Let me define it first
A $\Phi:\mathbb{R}\to \mathbb{R^+}$ be a convex function that satisfies the following properties
(1) $\Phi(-x)=\Phi(x)$
(2) $\Phi(0)=0$
(3) $\lim_{x\to\infty}\Phi(x)=+\infty$
the for each such function we have another associated convex function $\Psi:\mathbb{R}\to\mathbb{R^+}$ which is defined as $\Psi(y)=\sup\{x|y|-\Phi(x):x\geq0\}$ for all $y\in \mathbb{R}$ and satisfies the same above properties (1), (2), and (3).
My question: Let $\Phi(x)=|x|^p,p\geq1$ so we can see that it satisfies the property (1), (2), and (3) now I want to find $\Psi(y)$ for this so according to the definition we have
$\Psi(y)=\sup\{x|y|-|x|^p,x\geq0\}$ for all $y\in \mathbb{R}$ , I am stuck here that how do I find the supremum of this function, what I know is to find the supremum of the function we differentiate it and equate it to zero then we find the second order derivative and check for values of $x$ but how do I differentiate here?

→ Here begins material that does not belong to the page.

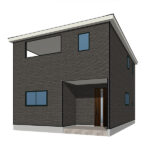 完成予想図(外観)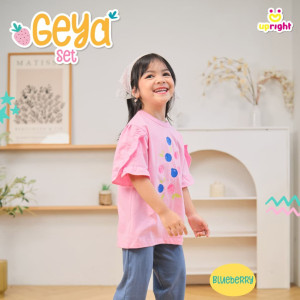 PO GEYA SET BY UPRIGHT KIDS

Ok, since $x \geq 0$ we have $|x| = x$ and hence $$ \sup\limits_{x\geq 0}\{x|y|-|x|^p\} = \sup\limits_{x\geq 0}\{x|y|-x^p\}. $$ If $p>1$, the expression under the supremum decreases unboundedly if $x\to\infty$, hence the supremum is either attained at the left boundary, or at an extremum point. At the left boundary the expression is $0$, whereas to find extremum point you need to find zeros of the derivative wrt $x$. There is just one at $(|y|/p)^{\frac1{1-p}}$. Can you work out the rest?